When I was the Health Links lead physician for my area, we were involved in a plan to reduce hospital admissions from nursing homes. As part of that, we found that the cost of a hospital admission was around $975 a day (standard ward bed). The cost of a nursing home? How about $143 a day? Seriously, you can fund seven nursing home beds, for the cost of one hospital bed.
So back to the hypothetical 100 bed hospital. Would it not make more sense to fund fourteen nursing home beds (at the cost of two hospital beds) to take the pressure off the hospital? Especially when we already have a nice mix of private and public companies willing to build LTC homes? And would that not reduce the costs to the hospital because hospitals are chronically paying staff overtime to handle overcapacity situations?
Now in fairness the final solution probably requires a combination of things. Hospitals do have fixed operational costs that increase yearly and need to be accounted for, and should get more money.

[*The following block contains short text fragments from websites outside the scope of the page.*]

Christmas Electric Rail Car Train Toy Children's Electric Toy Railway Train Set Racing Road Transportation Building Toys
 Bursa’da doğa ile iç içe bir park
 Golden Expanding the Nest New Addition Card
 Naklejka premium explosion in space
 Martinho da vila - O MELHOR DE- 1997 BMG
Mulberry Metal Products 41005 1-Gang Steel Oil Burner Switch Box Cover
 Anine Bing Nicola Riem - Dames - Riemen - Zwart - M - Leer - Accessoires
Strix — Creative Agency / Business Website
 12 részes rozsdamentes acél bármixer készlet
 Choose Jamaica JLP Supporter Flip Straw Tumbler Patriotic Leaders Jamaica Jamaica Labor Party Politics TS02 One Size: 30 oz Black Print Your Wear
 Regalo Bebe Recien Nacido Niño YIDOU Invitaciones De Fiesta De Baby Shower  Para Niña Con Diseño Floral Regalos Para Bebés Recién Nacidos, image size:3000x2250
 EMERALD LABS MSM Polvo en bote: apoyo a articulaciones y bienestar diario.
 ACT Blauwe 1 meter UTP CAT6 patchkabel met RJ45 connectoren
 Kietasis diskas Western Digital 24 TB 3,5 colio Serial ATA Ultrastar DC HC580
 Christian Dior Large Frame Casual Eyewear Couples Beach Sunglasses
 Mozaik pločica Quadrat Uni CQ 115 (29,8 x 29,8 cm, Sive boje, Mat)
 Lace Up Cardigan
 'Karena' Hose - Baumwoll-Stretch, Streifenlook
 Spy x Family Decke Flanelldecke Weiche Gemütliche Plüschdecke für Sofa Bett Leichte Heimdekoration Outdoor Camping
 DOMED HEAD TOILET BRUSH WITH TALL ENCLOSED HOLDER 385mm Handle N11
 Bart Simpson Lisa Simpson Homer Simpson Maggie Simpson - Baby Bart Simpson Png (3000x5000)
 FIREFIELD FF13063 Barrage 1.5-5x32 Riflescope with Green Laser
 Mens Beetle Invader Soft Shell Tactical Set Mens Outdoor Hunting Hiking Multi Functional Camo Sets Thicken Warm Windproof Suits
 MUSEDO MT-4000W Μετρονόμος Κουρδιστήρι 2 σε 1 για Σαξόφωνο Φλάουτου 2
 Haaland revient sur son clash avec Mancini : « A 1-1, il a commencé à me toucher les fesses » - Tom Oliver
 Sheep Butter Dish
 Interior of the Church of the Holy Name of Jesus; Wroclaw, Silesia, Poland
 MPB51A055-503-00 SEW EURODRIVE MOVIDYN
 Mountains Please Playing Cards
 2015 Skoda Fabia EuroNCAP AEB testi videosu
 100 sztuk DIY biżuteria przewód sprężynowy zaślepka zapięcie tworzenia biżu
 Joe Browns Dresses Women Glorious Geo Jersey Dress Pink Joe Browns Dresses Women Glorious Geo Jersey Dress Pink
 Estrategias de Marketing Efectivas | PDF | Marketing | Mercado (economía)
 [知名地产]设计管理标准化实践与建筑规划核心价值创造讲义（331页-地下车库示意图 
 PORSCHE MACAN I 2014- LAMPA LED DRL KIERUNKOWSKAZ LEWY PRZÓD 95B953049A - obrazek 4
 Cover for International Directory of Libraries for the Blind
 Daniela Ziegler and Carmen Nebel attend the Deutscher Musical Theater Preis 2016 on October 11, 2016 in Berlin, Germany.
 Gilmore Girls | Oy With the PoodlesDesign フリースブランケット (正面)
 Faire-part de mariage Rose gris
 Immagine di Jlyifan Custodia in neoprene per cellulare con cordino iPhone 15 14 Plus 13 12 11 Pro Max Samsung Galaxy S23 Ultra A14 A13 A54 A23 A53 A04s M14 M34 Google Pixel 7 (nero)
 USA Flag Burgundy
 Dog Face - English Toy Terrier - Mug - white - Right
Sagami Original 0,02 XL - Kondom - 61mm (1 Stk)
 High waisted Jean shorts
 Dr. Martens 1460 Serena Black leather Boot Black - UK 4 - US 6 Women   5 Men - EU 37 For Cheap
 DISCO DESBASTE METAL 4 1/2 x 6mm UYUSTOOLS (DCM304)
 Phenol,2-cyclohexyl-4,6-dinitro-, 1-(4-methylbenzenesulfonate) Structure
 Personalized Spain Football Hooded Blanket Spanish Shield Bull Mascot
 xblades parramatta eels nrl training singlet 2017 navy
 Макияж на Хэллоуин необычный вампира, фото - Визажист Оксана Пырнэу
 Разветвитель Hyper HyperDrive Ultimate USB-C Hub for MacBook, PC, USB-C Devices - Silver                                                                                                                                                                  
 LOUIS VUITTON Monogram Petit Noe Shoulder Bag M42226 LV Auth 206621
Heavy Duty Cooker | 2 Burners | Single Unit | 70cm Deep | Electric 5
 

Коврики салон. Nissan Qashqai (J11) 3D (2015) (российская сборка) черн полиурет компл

But a proper solution must also look at the big picture, and look at creative ways of reducing hospital expenses. Not only do we need 26,000 more nursing home beds right now, but given how our population is greying, we will need 50,000 more in six years. Otherwise the ALC rates will rise, and the Emergency departments will back up more. To not have a plan in place to address this shows a complete lack of comprehension of the stresses the system faces.
EricHoskins appears to only be capable of reacting to crises. Bad news story about hospitals affecting re-election chances? Throw money at them. That's not good enough. We need leaders that understand how interconnected health care is, and how events in one part of the system, affect others.
The people of Ontario deserve better than what Eric Hoskins is offering.